Support Questions

Find answers, ask questions, and share your expertise

Java Read and Write Spark Vector's to Hdfs

avatar
Rising Star

I wrote Vector's (org.apache.spark.mllib.linalg.Vector) to the HDFS as the following

public void writePointsToFile(Path path, FileSystem fs, Configuration conf,
        List<Vector> points) throws IOException {

    SequenceFile.Writer writer = SequenceFile.createWriter(conf,
            Writer.file(path), Writer.keyClass(LongWritable.class),
            Writer.valueClass(Vector.class));

    long recNum = 0;

    for (Vector point : points) {
        writer.append(new LongWritable(recNum++), point);
    }
    writer.close();
}

( not sure that I used the right way to do that can't test it yet )

now I need to read this file as JavaRDD<Vector> because I want to use it in Spark Clustering K-mean but don't know how to do this.

1 ACCEPTED SOLUTION

avatar
Super Collaborator

Try storing the RDD to disk using saveAsObjectFile and you can retrieve back the same using objectFile()

vectorListRdd.saveAsObjectFile("<path>")
val fileRdd = sc.objectFile[Vector]("<path>")

View solution in original post

3 REPLIES 3

avatar
Super Collaborator

Try storing the RDD to disk using saveAsObjectFile and you can retrieve back the same using objectFile()

vectorListRdd.saveAsObjectFile("<path>")
val fileRdd = sc.objectFile[Vector]("<path>")

avatar
Rising Star

@Arun A K thank you for your answer , I have Vector not List of RDD

Second I am using Java

avatar
Super Collaborator

I thought you had an option to write the file to HDFS using a spark application. Hence assumed you had a list of Vector with which you can make an rdd calling the parallelize.
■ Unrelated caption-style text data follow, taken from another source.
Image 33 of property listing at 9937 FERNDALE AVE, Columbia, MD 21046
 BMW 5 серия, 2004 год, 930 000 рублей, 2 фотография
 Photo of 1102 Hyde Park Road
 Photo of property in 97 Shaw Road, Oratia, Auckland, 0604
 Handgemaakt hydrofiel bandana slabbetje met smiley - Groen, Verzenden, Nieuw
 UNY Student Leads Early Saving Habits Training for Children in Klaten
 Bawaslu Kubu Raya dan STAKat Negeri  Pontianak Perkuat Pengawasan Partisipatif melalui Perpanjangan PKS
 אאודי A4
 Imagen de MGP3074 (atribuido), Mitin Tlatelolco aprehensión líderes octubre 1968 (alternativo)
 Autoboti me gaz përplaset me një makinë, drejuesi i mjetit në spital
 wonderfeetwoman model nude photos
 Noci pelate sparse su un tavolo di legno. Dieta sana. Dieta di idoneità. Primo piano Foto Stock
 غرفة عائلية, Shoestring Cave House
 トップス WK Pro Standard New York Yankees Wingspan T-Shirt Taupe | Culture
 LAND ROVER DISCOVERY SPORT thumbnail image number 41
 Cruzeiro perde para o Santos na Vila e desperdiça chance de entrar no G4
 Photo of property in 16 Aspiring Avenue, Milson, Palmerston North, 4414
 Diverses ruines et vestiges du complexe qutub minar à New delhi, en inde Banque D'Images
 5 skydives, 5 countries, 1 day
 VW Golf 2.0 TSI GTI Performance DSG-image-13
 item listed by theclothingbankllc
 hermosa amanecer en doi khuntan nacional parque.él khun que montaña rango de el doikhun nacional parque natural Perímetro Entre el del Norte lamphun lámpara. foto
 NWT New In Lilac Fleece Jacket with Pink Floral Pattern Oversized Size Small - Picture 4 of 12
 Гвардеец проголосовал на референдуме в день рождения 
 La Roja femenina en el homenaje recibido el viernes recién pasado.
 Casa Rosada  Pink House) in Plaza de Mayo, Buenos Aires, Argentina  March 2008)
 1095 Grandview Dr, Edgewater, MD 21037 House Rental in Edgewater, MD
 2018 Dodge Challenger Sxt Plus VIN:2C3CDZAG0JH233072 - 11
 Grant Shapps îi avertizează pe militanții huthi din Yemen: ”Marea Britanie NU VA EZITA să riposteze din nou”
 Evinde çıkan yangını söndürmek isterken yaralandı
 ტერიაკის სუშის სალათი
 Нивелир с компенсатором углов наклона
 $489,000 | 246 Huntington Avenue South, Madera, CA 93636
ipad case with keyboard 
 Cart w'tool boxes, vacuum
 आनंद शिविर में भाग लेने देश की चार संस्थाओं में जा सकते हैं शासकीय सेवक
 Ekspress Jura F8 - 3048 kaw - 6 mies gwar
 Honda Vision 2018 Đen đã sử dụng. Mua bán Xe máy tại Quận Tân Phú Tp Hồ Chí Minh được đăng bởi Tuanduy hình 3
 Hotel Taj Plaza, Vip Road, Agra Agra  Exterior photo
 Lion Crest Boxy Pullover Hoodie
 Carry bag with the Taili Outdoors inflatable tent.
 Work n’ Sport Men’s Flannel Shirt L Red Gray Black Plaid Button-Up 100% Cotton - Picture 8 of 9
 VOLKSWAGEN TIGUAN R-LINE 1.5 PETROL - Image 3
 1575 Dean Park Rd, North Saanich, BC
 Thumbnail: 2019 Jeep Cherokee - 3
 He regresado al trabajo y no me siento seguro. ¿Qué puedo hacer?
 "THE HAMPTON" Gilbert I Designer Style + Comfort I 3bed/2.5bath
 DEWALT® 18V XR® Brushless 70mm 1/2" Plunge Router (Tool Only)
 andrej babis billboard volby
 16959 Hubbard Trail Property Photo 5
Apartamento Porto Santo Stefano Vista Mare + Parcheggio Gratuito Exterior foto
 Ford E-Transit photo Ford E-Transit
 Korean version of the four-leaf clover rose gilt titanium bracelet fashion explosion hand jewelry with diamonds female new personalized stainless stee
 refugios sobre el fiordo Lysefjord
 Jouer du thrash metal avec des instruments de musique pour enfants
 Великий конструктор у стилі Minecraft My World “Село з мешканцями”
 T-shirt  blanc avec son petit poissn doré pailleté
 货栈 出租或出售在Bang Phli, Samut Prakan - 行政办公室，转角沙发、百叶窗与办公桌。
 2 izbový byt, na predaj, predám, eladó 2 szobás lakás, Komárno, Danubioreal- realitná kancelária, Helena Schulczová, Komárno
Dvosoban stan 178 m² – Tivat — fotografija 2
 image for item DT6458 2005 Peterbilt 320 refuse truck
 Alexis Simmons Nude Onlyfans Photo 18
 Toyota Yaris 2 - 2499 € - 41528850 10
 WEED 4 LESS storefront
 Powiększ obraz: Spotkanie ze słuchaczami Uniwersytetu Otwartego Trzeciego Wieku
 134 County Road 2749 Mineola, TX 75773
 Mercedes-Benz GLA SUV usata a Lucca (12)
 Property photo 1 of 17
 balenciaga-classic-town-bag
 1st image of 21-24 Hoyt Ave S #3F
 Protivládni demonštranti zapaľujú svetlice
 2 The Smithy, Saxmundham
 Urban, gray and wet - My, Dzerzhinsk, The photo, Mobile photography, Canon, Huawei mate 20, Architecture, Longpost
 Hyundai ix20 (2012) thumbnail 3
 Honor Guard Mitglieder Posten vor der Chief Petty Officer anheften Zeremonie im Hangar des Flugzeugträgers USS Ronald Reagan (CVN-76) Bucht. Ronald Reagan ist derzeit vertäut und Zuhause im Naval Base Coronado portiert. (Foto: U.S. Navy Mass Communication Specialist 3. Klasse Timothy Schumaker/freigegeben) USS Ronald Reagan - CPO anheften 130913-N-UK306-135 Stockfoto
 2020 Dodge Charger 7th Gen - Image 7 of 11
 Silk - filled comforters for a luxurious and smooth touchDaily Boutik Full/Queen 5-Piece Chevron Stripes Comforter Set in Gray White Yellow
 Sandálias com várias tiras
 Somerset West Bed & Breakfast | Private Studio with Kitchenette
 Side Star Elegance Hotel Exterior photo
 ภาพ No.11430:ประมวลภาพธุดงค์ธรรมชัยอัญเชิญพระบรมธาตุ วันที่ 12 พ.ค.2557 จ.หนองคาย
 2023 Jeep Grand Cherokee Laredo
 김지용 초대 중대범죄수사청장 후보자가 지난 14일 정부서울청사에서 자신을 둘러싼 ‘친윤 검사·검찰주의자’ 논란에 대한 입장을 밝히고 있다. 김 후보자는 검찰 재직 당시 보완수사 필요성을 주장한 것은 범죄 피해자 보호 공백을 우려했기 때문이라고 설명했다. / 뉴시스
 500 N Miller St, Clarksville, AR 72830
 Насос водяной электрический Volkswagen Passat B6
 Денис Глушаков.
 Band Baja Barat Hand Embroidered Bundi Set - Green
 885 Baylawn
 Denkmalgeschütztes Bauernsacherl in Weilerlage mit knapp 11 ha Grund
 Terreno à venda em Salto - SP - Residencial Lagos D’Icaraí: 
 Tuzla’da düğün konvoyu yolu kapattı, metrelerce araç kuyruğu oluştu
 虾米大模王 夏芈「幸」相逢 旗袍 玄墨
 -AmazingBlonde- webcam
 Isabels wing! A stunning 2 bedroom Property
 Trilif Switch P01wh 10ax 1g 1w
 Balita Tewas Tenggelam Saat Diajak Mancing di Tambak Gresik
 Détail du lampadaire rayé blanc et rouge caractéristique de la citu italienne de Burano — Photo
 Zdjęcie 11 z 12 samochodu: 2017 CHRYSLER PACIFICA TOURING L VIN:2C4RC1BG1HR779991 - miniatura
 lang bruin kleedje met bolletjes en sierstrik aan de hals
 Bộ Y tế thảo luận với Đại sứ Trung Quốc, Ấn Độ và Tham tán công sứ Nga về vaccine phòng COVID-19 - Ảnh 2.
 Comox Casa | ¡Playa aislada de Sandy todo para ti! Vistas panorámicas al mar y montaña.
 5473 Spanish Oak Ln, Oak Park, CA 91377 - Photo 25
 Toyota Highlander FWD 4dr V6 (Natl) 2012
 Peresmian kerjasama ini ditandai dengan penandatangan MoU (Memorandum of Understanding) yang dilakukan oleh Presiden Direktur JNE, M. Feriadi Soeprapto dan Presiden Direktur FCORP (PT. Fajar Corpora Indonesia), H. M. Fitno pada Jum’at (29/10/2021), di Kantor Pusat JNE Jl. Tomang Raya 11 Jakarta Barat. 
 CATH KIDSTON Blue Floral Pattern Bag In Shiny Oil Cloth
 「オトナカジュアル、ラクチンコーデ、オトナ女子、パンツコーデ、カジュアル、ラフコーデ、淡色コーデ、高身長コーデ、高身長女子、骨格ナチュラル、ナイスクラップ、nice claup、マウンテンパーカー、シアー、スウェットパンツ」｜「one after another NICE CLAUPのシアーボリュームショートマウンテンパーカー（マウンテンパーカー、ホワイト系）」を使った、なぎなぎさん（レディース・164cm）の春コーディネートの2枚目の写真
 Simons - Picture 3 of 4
val sc = new SparkContext("local[1]","Sample App")
  val v1: Vector = Vectors.dense(2.0,3.0,4.0)
  val v2: Vector = Vectors.dense(5.0, 6.0, 7.0)
  val list = new ListBuffer[Vector]()
  list += v1
  list += v2
 val listRdd =  sc.parallelize(list)
 listRdd.saveAsObjectFile("localFile")
 // read it back to an RDD as vector in another application
val fileRdd = sc.objectFile[Vector]("localFile")
 

These methods are available in JavaSparkContext and JavaRDD